The differentiation of this same function with respect to $t$ gives $-v$ times the derivative of the function, or $\ddpl{\chi}{t} = -vf'(x - vt)$, and the second time derivative is \begin{equation} \label{Eq:I:47:16} \frac{\partial^2\chi}{\partial t^2} = v^2f''(x - vt). \end{equation} It is evident that $f(x - vt)$ will satisfy the wave equation provided the wave velocity $v$ is equal to $c_s$.

We find, therefore, from the laws of mechanics that any sound disturbance propagates with the velocity $c_s$, and in addition we find that \begin{equation*} c_s = \kappa^{1/2} = (dP/d\rho)_0^{1/2}, \end{equation*} and so we have related the wave velocity to a property of the medium.

If we consider a wave travelling in the opposite direction, so that $\chi(x,t) = g(x + vt)$, it is easy to see that such a disturbance also satisfies the wave equation. The only difference between such a wave and one travelling from left to right is in the sign of $v$, but whether we have $x + vt$ or $x - vt$ as the variable in the function does not affect the sign of $\partial^2\chi/\partial t^2$, since it involves only $v^2$. It follows that we have a solution for waves propagating in either direction with speed $c_s$.

An extremely interesting question is that of superposition. Suppose one solution of the wave equation has been found, say $\chi_1$. This means that the second derivative of $\chi_1$ with respect to $x$ is equal to $1/c_s^2$ times the second derivative of $\chi_1$ with respect to $t$. Now any other solution $\chi_2$ has this same property. If we superpose these two solutions, we have \begin{equation} \label{Eq:I:47:17} \chi(x,t) = \chi_1(x,t) + \chi_2(x,t), \end{equation} and we wish to verify that $\chi(x,t)$ is also a wave, i.e., that $\chi$ satisfies the wave equation. We can easily prove this result, since we have \begin{equation} \label{Eq:I:47:18} \frac{\partial^2\chi}{\partial x^2} = \frac{\partial^2\chi_1}{\partial x^2} + \frac{\partial^2\chi_2}{\partial x^2} \end{equation} and, in addition, \begin{equation} \label{Eq:I:47:19} \frac{\partial^2\chi}{\partial t^2} = \frac{\partial^2\chi_1}{\partial t^2} + \frac{\partial^2\chi_2}{\partial t^2}. \end{equation} It follows that $\partial^2\chi/\partial x^2 = (1/c_s^2)\,\partial^2\chi/\partial t^2$, so we have verified the principle of superposition. The proof of the principle of superposition follows from the fact that the wave equation is linear in $\chi$.
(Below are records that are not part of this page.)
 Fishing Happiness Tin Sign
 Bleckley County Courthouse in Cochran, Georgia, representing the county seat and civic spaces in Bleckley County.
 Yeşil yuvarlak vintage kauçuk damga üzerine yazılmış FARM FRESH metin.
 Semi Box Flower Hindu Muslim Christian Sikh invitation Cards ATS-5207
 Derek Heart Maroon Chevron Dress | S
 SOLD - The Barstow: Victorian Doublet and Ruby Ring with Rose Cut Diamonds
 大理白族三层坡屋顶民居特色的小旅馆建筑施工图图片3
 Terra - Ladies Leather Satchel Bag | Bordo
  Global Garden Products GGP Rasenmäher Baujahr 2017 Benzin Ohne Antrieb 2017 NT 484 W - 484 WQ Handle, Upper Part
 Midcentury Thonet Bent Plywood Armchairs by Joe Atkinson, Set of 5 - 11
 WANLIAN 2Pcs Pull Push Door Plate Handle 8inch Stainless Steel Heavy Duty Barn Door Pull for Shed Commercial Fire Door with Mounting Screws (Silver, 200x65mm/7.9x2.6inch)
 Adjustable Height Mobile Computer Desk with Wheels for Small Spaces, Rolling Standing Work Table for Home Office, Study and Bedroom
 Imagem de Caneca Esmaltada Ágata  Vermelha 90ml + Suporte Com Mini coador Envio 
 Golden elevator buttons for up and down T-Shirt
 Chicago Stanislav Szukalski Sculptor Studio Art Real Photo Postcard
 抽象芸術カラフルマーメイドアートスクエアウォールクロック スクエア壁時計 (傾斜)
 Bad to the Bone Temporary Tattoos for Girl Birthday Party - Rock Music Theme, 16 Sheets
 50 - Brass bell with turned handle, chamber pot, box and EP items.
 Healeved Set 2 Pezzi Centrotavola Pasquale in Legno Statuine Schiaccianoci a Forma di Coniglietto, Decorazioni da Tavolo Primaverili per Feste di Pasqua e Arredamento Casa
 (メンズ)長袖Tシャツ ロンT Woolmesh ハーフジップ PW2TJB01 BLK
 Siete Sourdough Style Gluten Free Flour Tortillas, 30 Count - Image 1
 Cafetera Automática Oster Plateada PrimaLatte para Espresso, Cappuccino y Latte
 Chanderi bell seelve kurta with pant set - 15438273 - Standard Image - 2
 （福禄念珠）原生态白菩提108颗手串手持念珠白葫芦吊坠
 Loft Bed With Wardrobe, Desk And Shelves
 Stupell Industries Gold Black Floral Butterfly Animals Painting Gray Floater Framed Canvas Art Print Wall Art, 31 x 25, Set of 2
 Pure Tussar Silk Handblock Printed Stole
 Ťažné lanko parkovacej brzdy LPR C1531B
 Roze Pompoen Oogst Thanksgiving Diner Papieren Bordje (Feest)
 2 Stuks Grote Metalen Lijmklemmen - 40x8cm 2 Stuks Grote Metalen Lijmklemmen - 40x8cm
We can now expect that a plane light wave propagating in the $x$-direction, polarized so that the electric field is in the $y$-direction, will satisfy the wave equation \begin{equation} \label{Eq:I:47:20} \frac{\partial^2E_y}{\partial x^2} = \frac{1}{c^2}\,\frac{\partial^2E_y}{\partial t^2}, \end{equation} where $c$ is the speed of light. This wave equation is one of the consequences of Maxwell’s equations. The equations of electrodynamics will lead to the wave equation for light just as the equations of mechanics lead to the wave equation for sound.

47–5The speed of sound

Our deduction of the wave equation for sound has given us a formula which connects the wave speed with the rate of change of pressure with the density at the normal pressure: \begin{equation} \label{Eq:I:47:21} c_s^2 = \biggl(\ddt{P}{\rho}\biggr)_0. \end{equation} In evaluating this rate of change, it is essential to know how the temperature varies. In a sound wave, we would expect that in the region of compression the temperature would be raised, and that in the region of rarefaction the temperature would be lowered. Newton was the first to calculate the rate of change of pressure with density, and he supposed that the temperature remained unchanged. He argued that the heat was conducted from one region to the other so rapidly that the temperature could not rise or fall. This argument gives the isothermal speed of sound, and it is wrong. The correct deduction was given later by Laplace, who put forward the opposite idea—that the pressure and temperature change adiabatically in a sound wave. The heat flow from the compressed region to the rarefied region is negligible so long as the wavelength is long compared with the mean free path. Under this condition the slight amount of heat flow in a sound wave does not affect the speed, although it gives a small absorption of the sound energy. We can expect correctly that this absorption increases as the wavelength approaches the mean free path, but these wavelengths are smaller by factors of about a million than the wavelengths of audible sound.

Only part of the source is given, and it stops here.